Copy all lines below exactly as written. Leave pictures out.

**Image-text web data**
Content starts

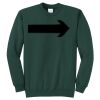 Classic Crewneck Sweatshirt Thumbnail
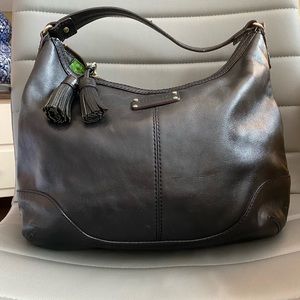 Black Kate Spade ♠️ handbag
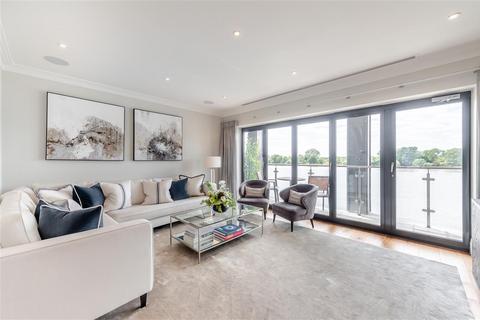 undefined, Rainville Road, W6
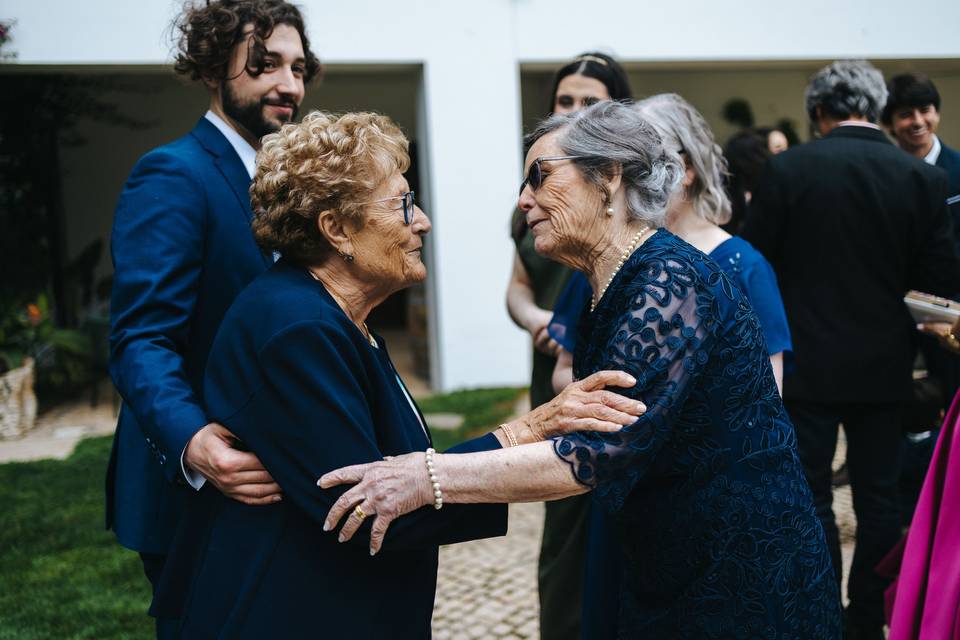 Karla & João 2026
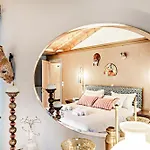 Casa Dei Fiori Mantouki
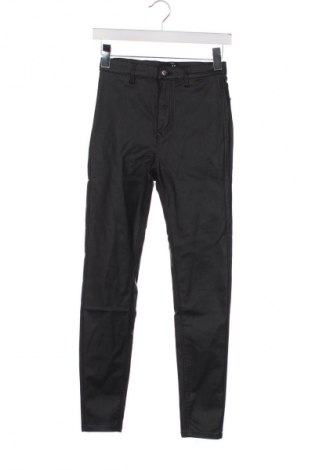 Dámske nohavice Stradivarius, Veľkosť XXS, Farba Čierna, Cena  4,95 €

Content ends

**Worked solution**
 Classic Crewneck Sweatshirt Thumbnail
 Black Kate Spade ♠️ handbag
 undefined, Rainville Road, W6
 Karla & João 2026
 Casa Dei Fiori Mantouki
 Dámske nohavice Stradivarius, Veľkosť XXS, Farba Čierna, Cena  4,95 €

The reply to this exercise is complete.